GUANTANAMO: Biden riuscirà a chiuderla?


Foto: Il Post



"Presso il Consiglio di sicurezza nazionale stiamo valutando lo stato attuale delle cose che l'amministrazione Biden ha ereditato dalla precedente amministrazione, in linea con il nostro obiettivo più ampio di chiudere Guantanamo", ha dichiarato Horne.

Emily Horne è la portavoce del Consiglio per la Sicurezza nazionale.

Tra le pratiche avviate a revisione dall'amministrazione Biden c’è anche il futuro della prigione che si trova nella Baia di Guantanamo.

Biden vuole chiudere il supercarcere e può darsi che arrivi la notizia nelle prossime settimane o nei prossimi mesi.

Questa prigione venne aperta nel 2001 dopo gli attentati dell’11 settembre, come risposta al terrorismo.



Foto: Il carcere di Guantanamo - Ansa


La prigione di Guantanamo è un centro di detenzione speciale per le persone sospettate dalle autorità statunitensi di crimini gravi, principalmente di terrorismo e di partecipazione in guerre dalla parte del nemico. Si trova nella base militare americana a Cuba

Solo che questa, in poco tempo, diventò un simbolo. Quello degli eccessi di una guerra al terrore che finisce per diventare essa stessa orrore, per aver violato i diritti di chi vi era imprigionato.

Anche Obama, nella sua campagna elettorale, aveva promesso di chiuderla, promessa che non è riuscito a mantenere.

Il 21 gennaio 2009 l'ex presidente degli Stati Uniti Barack Obama aveva firmato il decreto per smantellare la prigione. La struttura doveva essere chiusa entro un anno. Tuttavia, la decisione del presidente non è stata eseguita e la prigione continua a restare aperta.

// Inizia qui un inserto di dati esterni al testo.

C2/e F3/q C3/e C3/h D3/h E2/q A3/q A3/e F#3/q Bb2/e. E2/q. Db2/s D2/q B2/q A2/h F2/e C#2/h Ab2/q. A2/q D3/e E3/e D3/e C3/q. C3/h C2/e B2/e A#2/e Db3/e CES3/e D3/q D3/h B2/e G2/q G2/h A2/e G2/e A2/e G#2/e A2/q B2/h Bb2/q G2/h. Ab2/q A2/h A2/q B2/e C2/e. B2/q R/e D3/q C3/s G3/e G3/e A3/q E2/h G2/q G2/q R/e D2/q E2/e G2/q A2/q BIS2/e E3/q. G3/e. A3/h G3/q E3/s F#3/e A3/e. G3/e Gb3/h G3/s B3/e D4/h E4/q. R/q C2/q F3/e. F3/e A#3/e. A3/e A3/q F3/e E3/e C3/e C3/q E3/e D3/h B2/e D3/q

La struttura penitenziaria in totale ha ospitato 775 detenuti, la maggior parte dei quali non si è presentata nel tribunale. Al momento nel carcere rimangono circa 40 prigionieri.

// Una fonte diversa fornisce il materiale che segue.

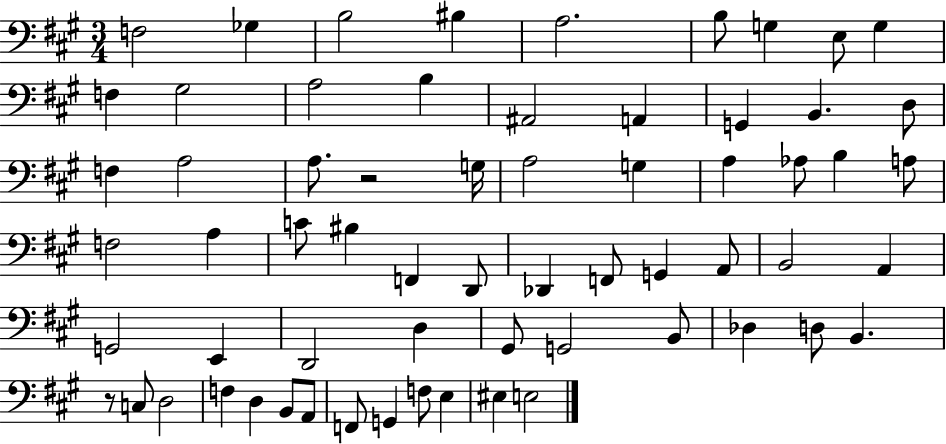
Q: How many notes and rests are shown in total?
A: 64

Diverso fu l’atteggiamento di Trump che ne andava quasi fiero, e in effetti si impegnò a mantenerla aperta.

Per molti, tra cui , la stessa Europa il supercarcere è un campo “immorale” a causa delle condizioni dure di detenzione nonché delle tecniche di interrogatorio che vengono usate, definite vere e proprie pratiche di tortura.



Foto:Prigionieri a Guantanamo - Ansa


Biden ci riprova, anche se non sarà un’operazione facile a causa delle spaccatura politiche che riguardano proprio la prigione.

Tuttavia per Biden è anche un modo per rilanciare l’immagine degli Stati Uniti, un’immagine diversa da quella lanciata da Trump.

Proprio a gennaio di questo anno mentre il presidente Biden stava per insediarsi alla Casa Bianca Amnesty International ha diffuso un nuovo rapporto sulle violazioni dei diritti umani ancora in corso a Guantánamo Bay.

Accolta con grande interesse la notizia da parte di Riccardo Noury, portavoce di Amnesty International che al microfono di Adnkronos ha detto: “è una notizia molto importante, dopo 20 anni finalmente c'è la prospettiva che sia chiuso”- aggiungendo però che - “è necessario chiarire il destino delle 40 persone ancora detenute e che fino a poco tempo fa risultavano detenute a tempo indeterminato senza possibilità di rilascio”, proseguendo “il giorno in cui verrà posto fine a questo scempio dei diritti sarà un grande giorno. Dopo tante occasioni perse nel corso delle presidenze passate, speriamo che questa con Biden sia la volta buona”. “Si va nella direzione giusta, ma adesso bisogna vedere nei dettagli cosa accadrà”

“L'importante è che il tema sia in cima all'agenda dell'amministrazione Biden, questo è un fatto molto positivo”, ha concluso Noury.